While the tax exemptions and depreciation structure do limit revenues for localities, the solar company in Charlotte County has provided other benefits. The smaller projects made one-time donations to the county, while the 150 megawatt project, which is now owned by Apex Clean Energy, provided nearly $1.5 million toward a new E-911 communication system as part of an impact fee, while also voluntarily waiving almost $3.6 million of its permitted tax exemption.
In Pittsylvania County, no impact fees have been offered, Smitherman said.
The federal government also offers a solar investment tax credit, which is also known as the Federal Solar Tax Credit. The credit, which doesn’t have a maximum value, allows companies and individuals to deduct 26% of the installation cost from federal taxes. That number is scheduled to gradually decline to 10% over the next few years.
Solar projects in Pittsyvlania County
|Name||Location||Megawatt capacity*||Estimated installation cost||Acreage|
|Amazon Arlington Solar Farm Virginia||Chatham||120||$130 million||1,200|
|Axton Solar/Caden Energix||Axton (Henry and Pittsylvania Counties)||66||$45 million||130 in Pittsylvania County|
|Whitehorn Solar||Gretna||50||$70 million||700|
|Michaux Solar||Cascade||50||$60 million||900|
|Sycamore Solar||Gretna||42||$50 million||500|
|Strata Solar||Ringgold||12||$20 million||110|
|Whitmell Solar||Chatham||10||$15-20 million||80|
|TPE Kentuck Solar, LLC||Kentuck||6||$10 million||77|
|Roark Mill Solar||Hurt||3||$3.5 million||20|
|*One megawatt can power roughly 240 homes.|
LegislationSeveral different bills were presented in both houses of the 2020 Virginia General Assembly concerning the taxation and encouragement of solar development. Those projects already under construction or operational before any of these bills come into effect would not be effected.

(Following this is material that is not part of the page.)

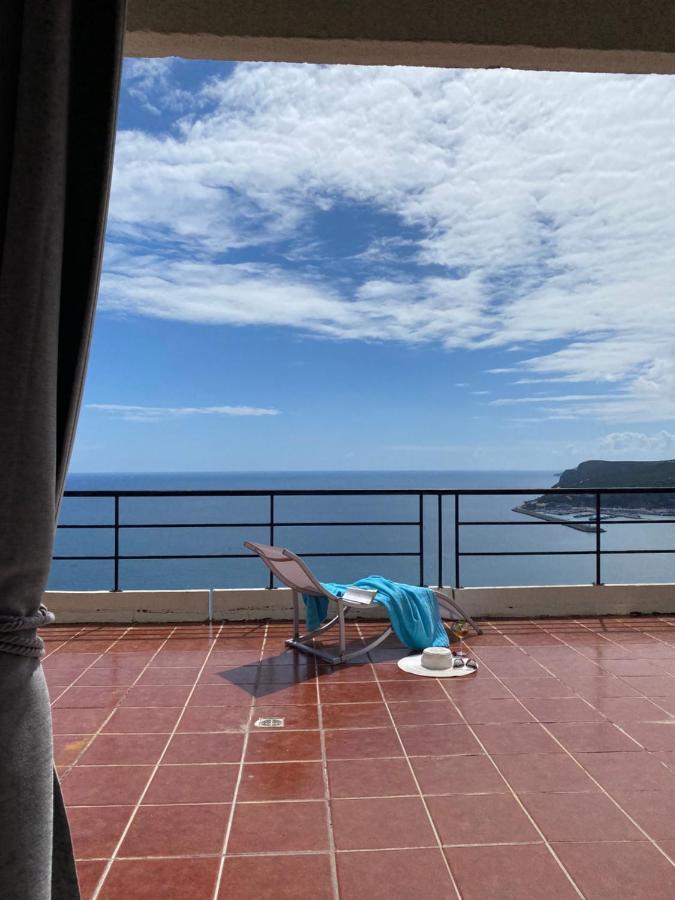 Sea View Apartment Sesimbra- Apartamento Vista Mar Luaran gambar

The proposed changes are across the gamut. Several seek to extend the mandated tax exemptions through 2030. Two seek to gradually decrease the percentage of exemption over five year intervals. Another bill, which was killed in committee, proposed moving the expiration date of the tax exemptions back to 2021.

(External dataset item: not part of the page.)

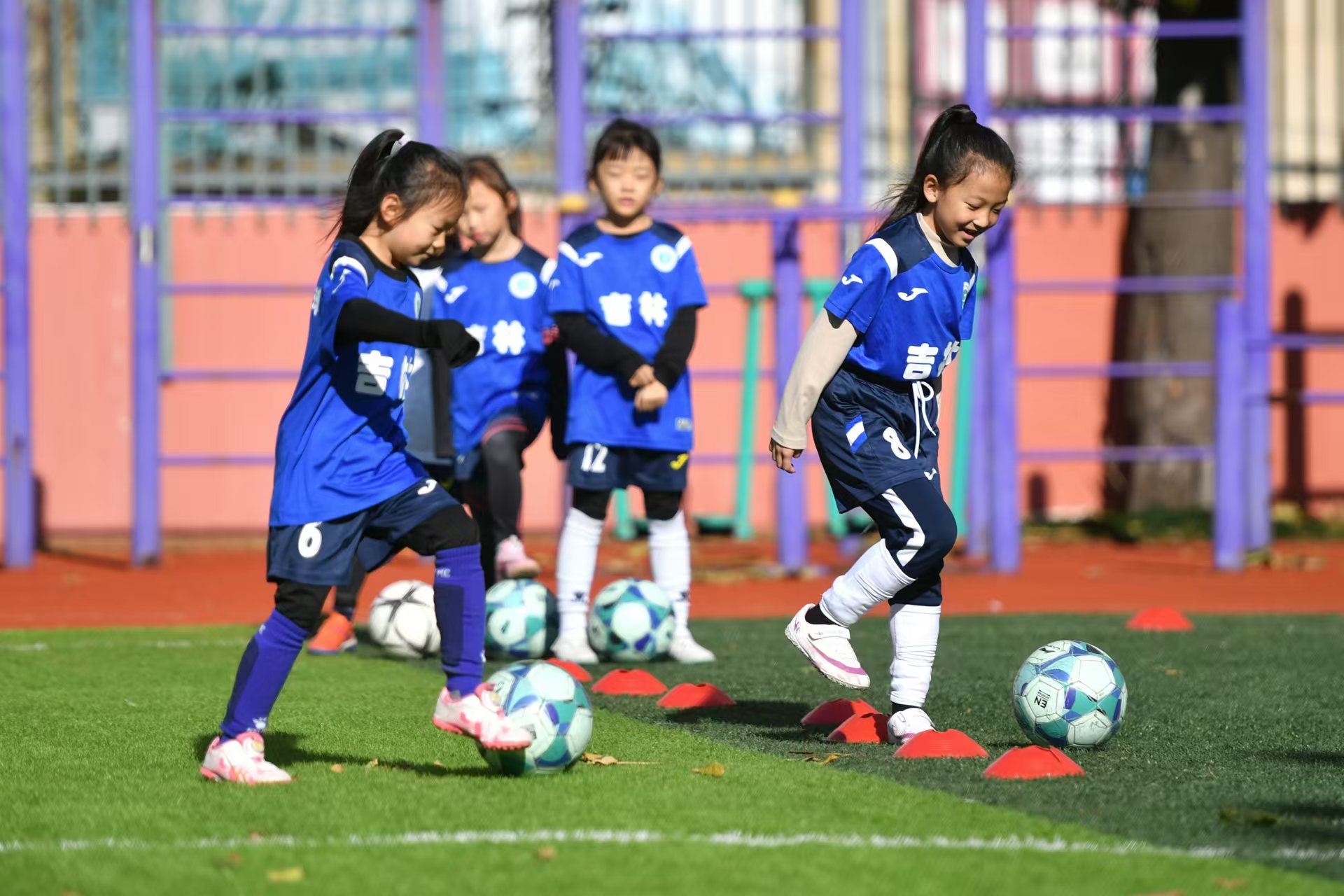 校足女隊(duì)的孩子們?cè)谶M(jìn)行帶球訓(xùn)練。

A legislative group that represents every Virginia county, the Virginia Association of Counties, believes the taxation decisions should be for Virginia local governments to make and opposed the extension of the exemptions.
“The extension of a mandated subsidy from local revenues will result in significant loss of future revenues that would otherwise be utilized to fund state-mandated services such as education, public safety and human services,” said Joe Lerch, director of local government policy for the Virginia Association of Counties.
On the other end, proponents of the utility-scale solar construction industry already are looking to push that exemption another six years to 2030, arguing that the exemptions are necessary for the continued development of the energy resource.
“If that tax incentive was not in place, you could not have the had the kind of development that was necessary,” said David Murray, executive director of the Maryland-DC-Delaware-Virginia Energy Industry Association.
Another bill would allow localities to replace the machinery and tools tax with an energy tax of $1,400 per megawatt of capacity.
“This is the flagship bill that we worked out with the localities,” Murray said.
This method would differ in effectiveness and revenue generated depending on the size of the project and the local tax rates, Lerch said. The change in revenue would be minimal in the beginning, when the projects are assessed at close to full value. But over the lifespan of the projects, this bill would allow for more consistent taxes that didn’t decline over the project’s lifespan, Murray said.
“The revenue is flat over time,” he said.
Once every proposed solar project in Pittsylvania County is operational, the energy tax would net nearly $500,000 annually.
When the tax policies for Virginia solar projects were arranged, they were beneficial and useful, Fogel said. But as is the case with all public policies, they need to be re-evaluated every few years at least to ensure that they still are mutually beneficial and fair for all parties involved, Fogel said.
“You want to make sure that that balance is correct,” Fogel said.